Sunday, April 15, 2012

The Navajo Village; Reflections on El Paso, Juarez, Many Farms; Sustainability, Windows and Light


I want to write today about sustainability, windows and light.  This didn’t come to me all at once, but slowly, as the sun cut its path from east to west and darkness settled deep across the landscape.
Yesterday, we had a special fundraiser for the Boy Scouts at the Navajo Village and it was bitter-cold, which is unusual for Page, especially this time of year.  The two hogans were warm, oil barrel fireplaces humming in the center of the log-rooms, shafts of rain, sleet and snow filtering down through hole in the roofs at the center of the room, sputtering off the top of stoves in short bursts of steam. 
But outside it was intense--especially after a bitter-wind drove the clouds away and a yellow light cut across the landscape, igniting the rocks behind.  It was uncomfortably beautiful.
Large Hogan after the storm passed

Tony, Everest and Tomas dancing in the cold.

Then night fell hard, quick.  I worried about my flowers and assumed today would be much the same.  So, I was in no hurry to get up and go outside this morning.

When I finally did, I was quite surprised:  warm sunlight, stillness, birds chirping, a perfect spring morning.  As we were going to church, Marci commented, “Why couldn’t it have been like this yesterday?”    That would have been nice, but I know from experience, not near as memorable.  There is something about hardship, especially the elements, that draws us closer to the essentials of creation.  My most memorable moments camping were at the time the most unpleasant--tent whipping violently in the night, vegetables frozen in a solid block of ice at the bottom of the cooler in the morning--these are the moments I relish later, although they were most uncomfortable at the time.
I can’t help but wonder if the same is true with our lives.  Will we look back from eternity and cherish the moments of death, unemployment, spiritual uncertainty most?  Those moments where we were forced to grow?  I think perhaps so.
This brings me back to sustainability.  A few days ago I was looking at other sites.  Most left me empty, which doesn’t say anything negative about them--just something about me.  They provide very practical information on topics such as reusing rain-water or composting.  Both things I want to do.  But most of the sites don’t provide that slow, reflective talk, which loosens the mind and allows unknown treasures to drop.  To me, it is that dialogue with our creator, ourselves and each other that is at the center of sustainability.
I did, however find one sight which approached what I’m looking for.  I’d like to share it, in case you are looking for something similar.  It’s called Backyard Agrarian and is found at http://www.backyardagrarian.com/sustainable-living-blog.html.  What really impressed me was the site’s description of sustainability:
Backyard Agrarian living isn't about any one thing. It's about how all things are connected. It's about going through life day after day, making observations and continuous adjustments. It's a new way. It's about how we feel in times of birth, death, frustration, joy and how we respond and act  and how we see the connections between our human stuff and what's going on around us. This blog isn't about any one topic. It's about day-to-day thoughts on exploring an agrarian-minded world view.
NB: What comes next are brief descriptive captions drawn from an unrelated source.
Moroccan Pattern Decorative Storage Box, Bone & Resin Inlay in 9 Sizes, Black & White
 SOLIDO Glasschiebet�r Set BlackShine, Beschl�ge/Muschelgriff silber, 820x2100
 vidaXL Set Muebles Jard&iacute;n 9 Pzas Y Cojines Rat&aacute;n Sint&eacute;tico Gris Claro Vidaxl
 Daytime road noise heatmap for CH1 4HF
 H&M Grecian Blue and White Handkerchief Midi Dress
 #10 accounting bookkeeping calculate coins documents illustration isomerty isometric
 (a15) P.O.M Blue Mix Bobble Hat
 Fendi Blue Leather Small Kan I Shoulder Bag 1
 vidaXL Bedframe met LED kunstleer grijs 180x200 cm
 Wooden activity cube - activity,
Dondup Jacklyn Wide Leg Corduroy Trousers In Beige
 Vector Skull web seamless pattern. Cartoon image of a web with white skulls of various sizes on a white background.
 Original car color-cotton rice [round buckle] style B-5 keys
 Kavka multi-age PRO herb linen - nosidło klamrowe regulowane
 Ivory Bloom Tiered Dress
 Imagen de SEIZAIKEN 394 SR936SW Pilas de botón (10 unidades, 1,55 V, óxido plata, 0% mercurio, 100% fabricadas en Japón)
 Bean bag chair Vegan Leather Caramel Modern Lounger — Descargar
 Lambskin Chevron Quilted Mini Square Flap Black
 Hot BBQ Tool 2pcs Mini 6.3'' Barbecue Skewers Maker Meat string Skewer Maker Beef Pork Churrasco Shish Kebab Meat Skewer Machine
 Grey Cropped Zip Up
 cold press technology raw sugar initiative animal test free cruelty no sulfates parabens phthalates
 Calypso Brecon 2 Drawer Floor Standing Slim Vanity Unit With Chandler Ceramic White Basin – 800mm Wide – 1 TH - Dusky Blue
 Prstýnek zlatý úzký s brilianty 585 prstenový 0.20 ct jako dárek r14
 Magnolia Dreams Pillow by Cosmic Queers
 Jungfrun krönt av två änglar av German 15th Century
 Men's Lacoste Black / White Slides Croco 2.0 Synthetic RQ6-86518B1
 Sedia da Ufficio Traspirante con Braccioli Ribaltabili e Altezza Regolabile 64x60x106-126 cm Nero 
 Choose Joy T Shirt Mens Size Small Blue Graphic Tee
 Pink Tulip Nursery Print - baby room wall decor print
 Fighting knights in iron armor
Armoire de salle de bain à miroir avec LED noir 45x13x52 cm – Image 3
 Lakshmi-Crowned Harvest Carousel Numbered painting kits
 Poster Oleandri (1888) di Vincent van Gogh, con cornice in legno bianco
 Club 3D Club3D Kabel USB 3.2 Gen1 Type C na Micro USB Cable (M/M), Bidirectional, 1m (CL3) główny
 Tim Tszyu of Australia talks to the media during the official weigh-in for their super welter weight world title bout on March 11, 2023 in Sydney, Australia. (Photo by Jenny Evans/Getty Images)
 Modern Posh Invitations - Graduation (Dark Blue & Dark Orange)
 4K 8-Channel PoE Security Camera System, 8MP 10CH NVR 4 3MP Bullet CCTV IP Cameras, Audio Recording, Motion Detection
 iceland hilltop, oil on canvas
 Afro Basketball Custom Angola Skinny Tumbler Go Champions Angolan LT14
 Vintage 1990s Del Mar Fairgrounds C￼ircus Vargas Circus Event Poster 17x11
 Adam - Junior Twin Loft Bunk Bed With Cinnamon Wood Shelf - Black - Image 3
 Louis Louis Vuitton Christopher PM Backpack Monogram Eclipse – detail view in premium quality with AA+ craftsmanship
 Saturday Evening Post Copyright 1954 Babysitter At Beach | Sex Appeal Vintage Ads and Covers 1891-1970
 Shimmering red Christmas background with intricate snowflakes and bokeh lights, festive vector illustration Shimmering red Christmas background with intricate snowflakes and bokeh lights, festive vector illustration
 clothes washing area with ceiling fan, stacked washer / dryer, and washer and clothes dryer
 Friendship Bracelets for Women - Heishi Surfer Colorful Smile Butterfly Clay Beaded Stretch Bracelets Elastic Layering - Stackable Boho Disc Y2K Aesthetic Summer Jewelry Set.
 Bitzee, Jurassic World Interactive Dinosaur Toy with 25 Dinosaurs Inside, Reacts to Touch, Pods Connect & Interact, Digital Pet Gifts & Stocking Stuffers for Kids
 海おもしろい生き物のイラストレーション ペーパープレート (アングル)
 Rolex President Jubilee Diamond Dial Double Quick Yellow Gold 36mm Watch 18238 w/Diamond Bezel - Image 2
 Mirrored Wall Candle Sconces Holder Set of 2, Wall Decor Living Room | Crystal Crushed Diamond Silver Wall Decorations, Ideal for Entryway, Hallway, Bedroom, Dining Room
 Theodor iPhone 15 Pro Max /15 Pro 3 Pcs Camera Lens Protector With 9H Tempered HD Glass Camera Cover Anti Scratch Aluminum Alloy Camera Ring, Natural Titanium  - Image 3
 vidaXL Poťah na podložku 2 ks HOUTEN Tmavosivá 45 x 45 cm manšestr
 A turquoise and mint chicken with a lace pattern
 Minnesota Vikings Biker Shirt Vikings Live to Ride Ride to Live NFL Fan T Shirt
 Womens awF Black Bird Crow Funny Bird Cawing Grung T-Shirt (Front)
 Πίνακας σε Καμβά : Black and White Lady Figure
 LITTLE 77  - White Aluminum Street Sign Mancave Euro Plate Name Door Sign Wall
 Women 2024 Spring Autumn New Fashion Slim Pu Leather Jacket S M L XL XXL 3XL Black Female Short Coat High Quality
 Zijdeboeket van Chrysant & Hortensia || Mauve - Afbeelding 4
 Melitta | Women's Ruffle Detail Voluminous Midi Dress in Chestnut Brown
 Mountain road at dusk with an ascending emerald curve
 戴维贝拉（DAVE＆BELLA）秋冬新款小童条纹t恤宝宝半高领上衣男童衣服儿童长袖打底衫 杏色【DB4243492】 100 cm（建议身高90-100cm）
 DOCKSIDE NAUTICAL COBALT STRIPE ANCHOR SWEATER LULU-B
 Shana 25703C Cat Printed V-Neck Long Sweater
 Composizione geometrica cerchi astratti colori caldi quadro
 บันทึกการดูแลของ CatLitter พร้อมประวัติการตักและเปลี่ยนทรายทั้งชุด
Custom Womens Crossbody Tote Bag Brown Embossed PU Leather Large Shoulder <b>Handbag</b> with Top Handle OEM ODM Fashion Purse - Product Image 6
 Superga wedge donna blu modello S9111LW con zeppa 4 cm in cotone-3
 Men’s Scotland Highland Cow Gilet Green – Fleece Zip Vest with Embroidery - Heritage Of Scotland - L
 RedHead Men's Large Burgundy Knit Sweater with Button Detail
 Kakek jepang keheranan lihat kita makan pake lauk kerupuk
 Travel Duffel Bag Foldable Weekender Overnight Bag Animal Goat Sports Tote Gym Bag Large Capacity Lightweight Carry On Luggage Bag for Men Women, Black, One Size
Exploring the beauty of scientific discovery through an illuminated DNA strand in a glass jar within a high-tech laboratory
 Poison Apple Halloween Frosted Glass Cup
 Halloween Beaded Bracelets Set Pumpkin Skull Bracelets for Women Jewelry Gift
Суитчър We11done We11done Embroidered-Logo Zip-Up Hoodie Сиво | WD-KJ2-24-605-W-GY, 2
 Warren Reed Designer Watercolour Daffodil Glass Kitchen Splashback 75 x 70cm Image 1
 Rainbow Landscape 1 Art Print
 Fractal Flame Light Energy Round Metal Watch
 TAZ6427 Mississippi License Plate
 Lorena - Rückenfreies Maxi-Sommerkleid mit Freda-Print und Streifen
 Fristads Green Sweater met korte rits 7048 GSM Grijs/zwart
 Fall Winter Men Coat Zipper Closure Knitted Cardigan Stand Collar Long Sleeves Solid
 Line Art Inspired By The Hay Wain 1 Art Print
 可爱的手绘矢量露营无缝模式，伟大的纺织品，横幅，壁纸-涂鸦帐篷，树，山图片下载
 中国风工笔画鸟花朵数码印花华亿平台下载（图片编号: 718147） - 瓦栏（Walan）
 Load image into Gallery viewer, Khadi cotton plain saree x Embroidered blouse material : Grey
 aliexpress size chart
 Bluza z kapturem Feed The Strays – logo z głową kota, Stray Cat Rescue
I know that’s what sustainability is to me--what I need to be sustained physically, mentally, emotionally and spiritually.  Not one thing, but multiple. 

This brings me to windows.  I was rereading Kent Nerburn’s, Small Graces, which is probably my favorite book, when I came across the following passage:

Whenever I’ve had to move from a house, the memory I have carried with me--that has most animated my spirit --is always the memory of the light, and the way it cascaded in through the windows and illuminated the passing moments of the day.

That immediately brought my own flood of memories:  the light igniting the chipped paint on the window seal in my fifth-floor apartment in El Paso, the spread of the international city of Juarez y El Paso del Norte glittering below on both sides of the border.  There was also my window at the budding Cinco Puntos Press (where I worked as an undergraduate student) which overlooked the bridge between Mexico and the United States.  I often stayed late during a very unhappy time in my life because there was something about the stream of shiny metal boxes flowing between the countries that made me feel better. 

Or what about the morning light outside our apartment in Many Farms?--a monolithic sandstone butte glowing on the horizon through lacy curtains, the foreground still in dark, blue shadows, Semi-trucks lit-up in yellow lights at the 7 to 11 station across the paper-littered field. 


Views from our house at Dry Creek, March 19, 2012


These small graces get us by.  I now leave you to your own.